Les premières fouilles par Emile Chénon à la fin du XIXe et au début du XXe siècle

Si des trouvailles d’objets antiques sont mentionnées dès le XVIe siècle, les fouilles commencent à la fin du XIXe siècle et se poursuivent au début du XXe sous l’impulsion d’Emile Chénon, ancien élève de l’Ecole polytechnique et professeur de droit. Méticuleux et précis, ses travaux sont aujourd’hui encore une mine pour les chercheurs.

Les fouilles d’Emile Hugoniot et de Jacques Gourvest

Les fouilles reprennent dans les années 50, et notamment en 1956, où une importante cave à amphores, en rassemblant 37, est découverte dans un jardin du quartier Saint Martin.

C’est Emile Hugoniot qui en assure la fouille.

Il contacte alors un jeune archéologue, Jacques Gourvest, spécialiste de la céramique qui travaillait jusqu’alors dans le Midi, pour venir étudier l’important mobilier mis au jour.

Conscient de l’intérêt de préserver et de présenter ces objets au public, Jacques Gourvest demande à la mairie de lui mettre à disposition un lieu pour exposer les dernières découvertes. Celle-ci décide alors de rénover l’hôtel Grégueil, petit château ayant appartenu à une famille de notaires royaux, les De Marcillac. Ce bâtiment est toujours le musée actuel.

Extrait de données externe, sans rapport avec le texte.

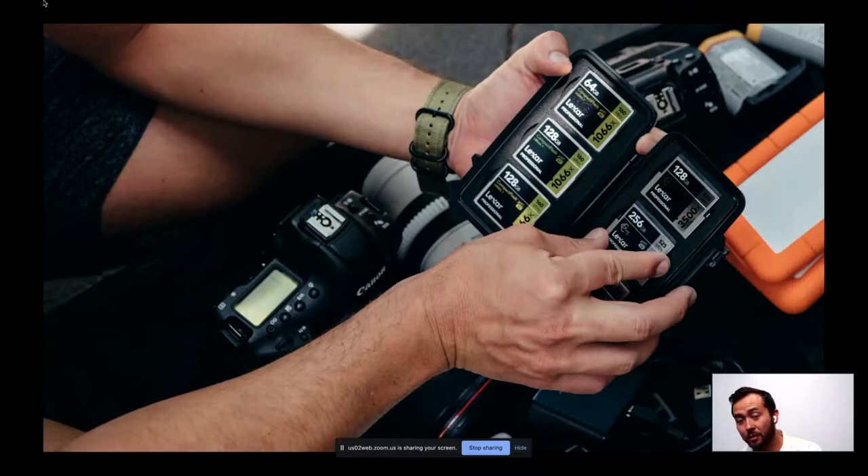The new 1DX Mark III uses CFexpress cards — three times the speed of CFast, which is insane. I can't be waiting between sets or waves to shoot my images. Before, I was shooting 52 frames per wave — from takeoff to exit at Pipeline. With the 1DX Mark III, I'm now shooting 74 frames per wave. I need to be ready for the next wave immediately; there's no time to wait for buffering.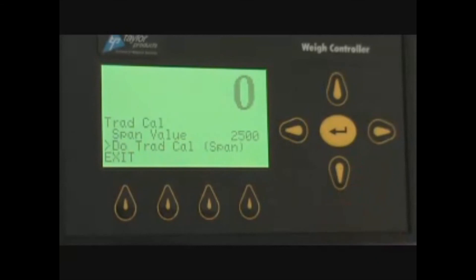Once you remove the weight and you get a zero, you are done calibrating and you may exit to the main menu.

Tous les deux, Gourvest et Hugoniot fouilleront un grand nombre de caves à amphores dans ce même quartier.

Après le décès de Jacques Gourvest en 1984, plus aucune fouille n’est réalisée sur l’oppidum.

En 1996, la dernière cave à amphores découverte à Châteaumeillant est mise au jour lors de travaux d’entretien de voirie. Elle contenait une dizaine d’amphores de type gréco-italique, les plus anciennes de l’oppidum.

la cave aux amphores

À quoi servaient toutes ces amphores découvertes à Châteaumeillant ? Nul ne le sait. Les caves à amphores n’ont toujours pas livré secret.

Les fouilles de Sophie Krausz

fouilles 2Les fouilles reprendront en 2001 sous la direction de Sophie Krausz, archéologue et maître de conférences à l’université Bordeaux Montaigne.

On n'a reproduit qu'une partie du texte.